Jamie doesn’t just shine. She radiates.

Prior to becoming a Dakota Rising Fellow, Jamie was leasing a small coffee shop space in Lead and was just coming into her own as a community volunteer. Now she’s on the Sanford Lab Homestake Visitor Center board of directors, Lead Chamber of Commerce board, Lead Kiwanis board, Boys and Girls Club Resource Development Team and multiple local committees.

“Once I became involved with Dakota Rising, I really found my voice,” explains Jamie. “It was like someone lit a match. I realized that getting involved with my community was really important to me, and that I could make a difference.”

Not only did Jamie build a beautiful new space for Lotus Up Espresso and Deli, double her profits and grow her business, but her list of community involvement projects also grew…and grew…and grew. One of her favorite projects is called “Souper Starz” and it combines the very best of Jamie’s passions: food, dreamers, networking and the Lead Kiwanis Club.

“I was inspired after the folks at Dakota Rising urged me to attend OTA and I heard about a similar idea,” she explains. “I’m a dreamer and I love other dreamers. I have had so much great support in my own adventure, and I wanted to help others get off the ground.”

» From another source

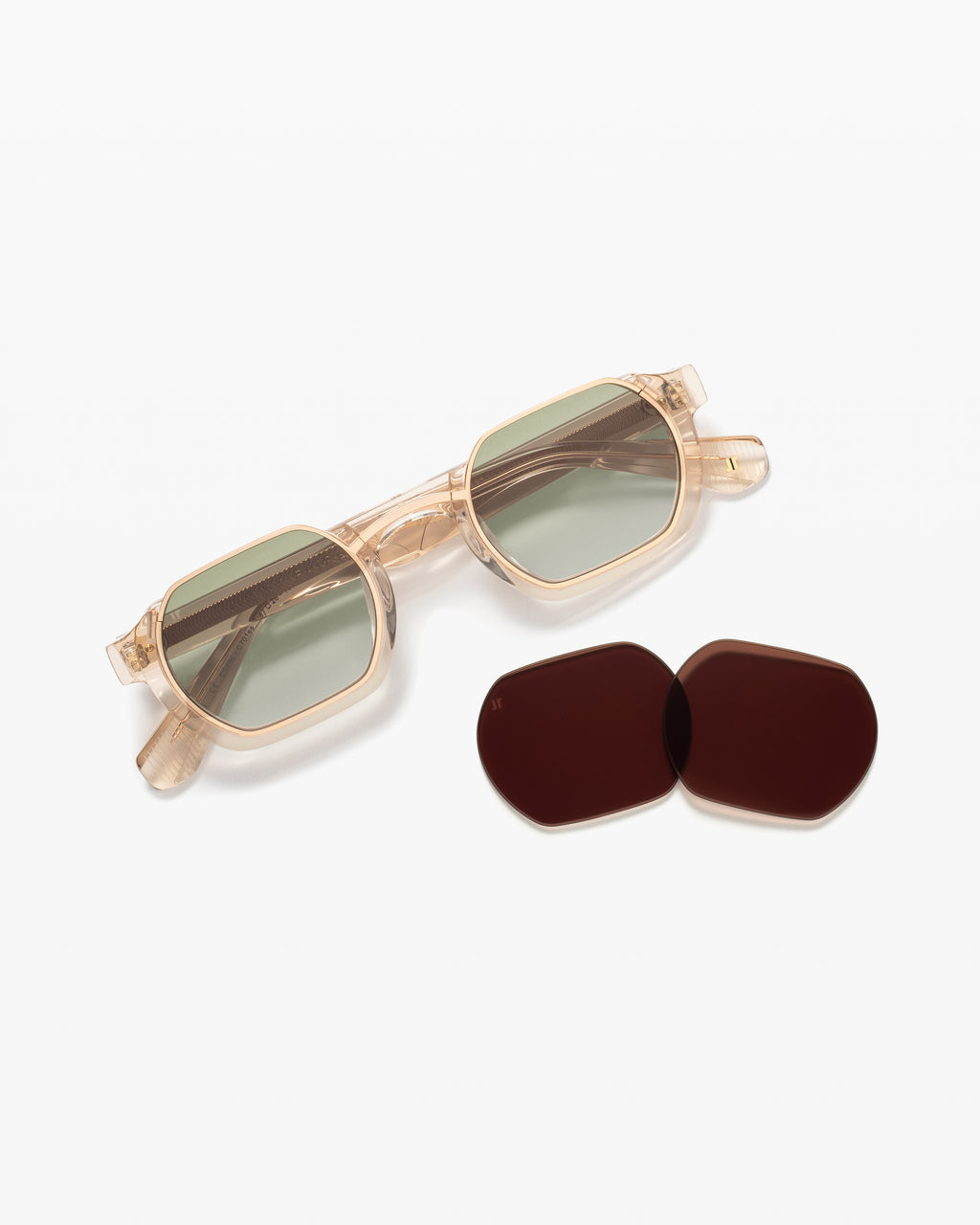 The Azio JF Colors Rechteckig Herren-Sonnenbrillen in Creme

The idea behind Souper Starz is simple.

Each month, people pay $10 to enjoy a hot bowl of soup while up to six applicants are given a five minute platform for presenting their dreams. Each applicant is encouraged to invite as many people as possible to support them. Five dollars goes into the grant fund and five dollars goes to the Lead Kiwanis Club—so more people equals more funding. After the presentations, all of the people in the room vote on their favorite idea. The winner wins a $200+ grant to help fund their dreams (the project was kick started with a $1,000 grant from Goldcorp Wharf and is sponsored by the Lead Kiwanis Club). However, the real prize is usually much more than that. According to Jamie, approximately 85 people attend each gathering and some of the people in the crowd are spurred to provide help beyond the grant. “The ripple effect is amazing. People listening in the crowd might grab hold of one of the dreams and provide support, even if that particular idea didn’t win the votes,” she explains. “I’ve seen some amazing things happen in our community, from teenagers making a difference to organizations joining together for good. It’s awesome. This whole experience just makes me so proud of our community.”